Собрав оставшиеся силы, Фарес крикнул третьему:
- Побойся Бога! Перед ним здесь все равны. Но мы то хоть за дело страдаем, а он ничего плохого не совершил, разве что людям помогал! – Фарес старался, чтобы голос его звучал твердо.
Тот, что называл себя Иисус, повернул голову к Фаресу.
- Спасибо на добром слове, человек. За это еще сегодня попадешь в РАЙ и будешь там ЖИТЬ СО МНОЙ…
Фарес не видел, как налилось злостью лицо помеченного шрамом стражника, а в следующее мгновение он уже потерял сознание.
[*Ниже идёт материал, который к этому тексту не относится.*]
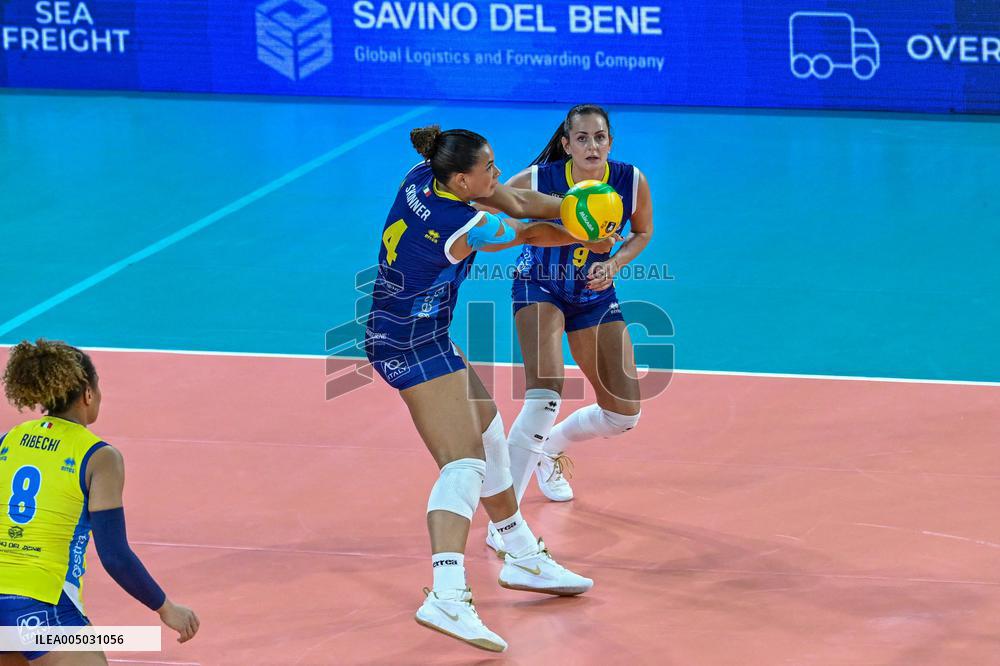 VOLLEY - Champions League Women - Savino Del Bene Scandicci vs VakifBank Istanbul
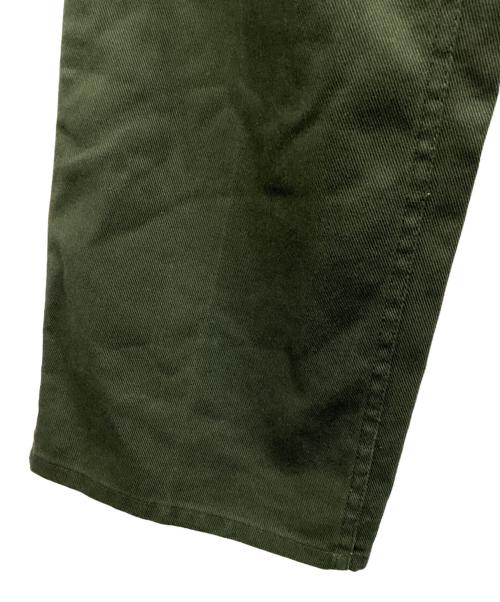 BEN DAVIS（ベンデイビス）BEN DAVIS (ベンデイビス) パンツ グリーン サイズ:33の古着・服飾アイテム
Последовавших двух вспышек среди ясного солнца никто не заметил. Когда разбойник-Фарес очнулся, варварское имя Рип Винклер уже ничего не говорило ему, да и толстый солдат со шрамом как сквозь землю провалился. Точнее, солдат был, даже очень похожий, только вот шрама у него… да и рожа намного тупее. Именно ему, выигранный в кости достался хитон среднего распятого. Хороший хитон. Красный, теплый.
Счастливчик.
***
Он был римлянином, когда в городе свирепствовали варвары Алариха…
Воином русичем в тихое утро на куликовском поле…
Рип замер на краю поляны, широко расставив ноги.
Как он оказался здесь?
Еще мгновение назад он помнил себя парасхитом из Египта.
Нестройными рядами, отвоеванный у леса клочок земли, окружали высокие деревья. На противоположном конце, у мазанных глиной домиков стояла и таращилась на него толпа людей.
Странные, с темной кожей и широкими расплющенными носами. Мужчины голые, женщины в светлых, сделанных из пучков сухих листьев юбках. В ушах и носах многих торчали украшения. У мужчин они висели на шее. Изогнутые клыки животных, вперемешку с цветными перьями и косточками каких-то плодов. Или это были не украшения…
Но не это поражало в дикарях. Даже взрослый, самый высокий мужчина был ростом по грудь Винклеру, а то и ниже.
Пигмеи. Возникло в мозгу полузабытое со школьных времен слово. Низкорослые племена охотников, некогда жившие на земле.
Вот значит, куда его занесло.
Рип обратил внимание еще на одну странность. Точнее на две. Первая: в отличие от предыдущих перевоплощений, здесь он оказался почему-то самим собой, то есть Рипом Винклером в трезвом уме и здоровой памяти (или наоборот). Вторая – помимо собственной памяти, он (что еще более странно) пребывал в личном, неизвестно где до этого путешествующем теле. Правда, без единого, пусть малюсенького клочка одежды. Будто только что родившийся.
Почему в этот раз произошло так, а не иначе, Рип не имел ни малейшего понятия.
Он мог очутиться, скажем, в этом же племени, но в облике доблестного воина – истребителя страусов, или кого там они истребляют, а Баалин стоял бы перед ним, как злой и коварный шаман со своими колотушками и ритуальными масками.